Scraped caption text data
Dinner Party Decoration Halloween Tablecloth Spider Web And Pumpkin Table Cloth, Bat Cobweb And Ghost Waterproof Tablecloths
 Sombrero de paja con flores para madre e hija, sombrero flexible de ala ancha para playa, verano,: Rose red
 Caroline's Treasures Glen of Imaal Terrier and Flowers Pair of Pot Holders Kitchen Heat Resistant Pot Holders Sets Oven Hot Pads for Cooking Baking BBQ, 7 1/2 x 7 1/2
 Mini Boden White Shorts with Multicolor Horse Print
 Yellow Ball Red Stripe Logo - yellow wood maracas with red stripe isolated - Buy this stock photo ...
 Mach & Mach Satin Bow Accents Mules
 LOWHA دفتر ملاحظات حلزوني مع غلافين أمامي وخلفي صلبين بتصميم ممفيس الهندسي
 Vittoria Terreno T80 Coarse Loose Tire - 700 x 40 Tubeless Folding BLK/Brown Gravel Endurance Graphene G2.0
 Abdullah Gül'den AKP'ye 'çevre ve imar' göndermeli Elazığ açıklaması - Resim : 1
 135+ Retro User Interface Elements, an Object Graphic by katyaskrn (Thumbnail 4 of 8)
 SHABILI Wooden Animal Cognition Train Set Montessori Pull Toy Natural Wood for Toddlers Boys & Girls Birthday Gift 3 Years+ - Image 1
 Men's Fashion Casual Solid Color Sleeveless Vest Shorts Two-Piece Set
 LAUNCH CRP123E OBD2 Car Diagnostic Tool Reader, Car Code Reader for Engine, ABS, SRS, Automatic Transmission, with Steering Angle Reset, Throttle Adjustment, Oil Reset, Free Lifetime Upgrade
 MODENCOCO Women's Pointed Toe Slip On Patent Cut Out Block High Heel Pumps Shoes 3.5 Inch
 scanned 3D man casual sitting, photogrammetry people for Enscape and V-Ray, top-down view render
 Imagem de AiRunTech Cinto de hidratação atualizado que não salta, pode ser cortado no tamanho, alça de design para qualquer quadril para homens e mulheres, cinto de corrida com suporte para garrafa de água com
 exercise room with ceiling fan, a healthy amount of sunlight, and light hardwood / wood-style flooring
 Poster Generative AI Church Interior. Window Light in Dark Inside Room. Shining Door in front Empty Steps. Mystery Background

What you have to do.
Word for word, return the lines from the one holding "exercise room with" through the end of the entries above.

Answer below.
 exercise room with ceiling fan, a healthy amount of sunlight, and light hardwood / wood-style flooring
 Poster Generative AI Church Interior. Window Light in Dark Inside Room. Shining Door in front Empty Steps. Mystery Background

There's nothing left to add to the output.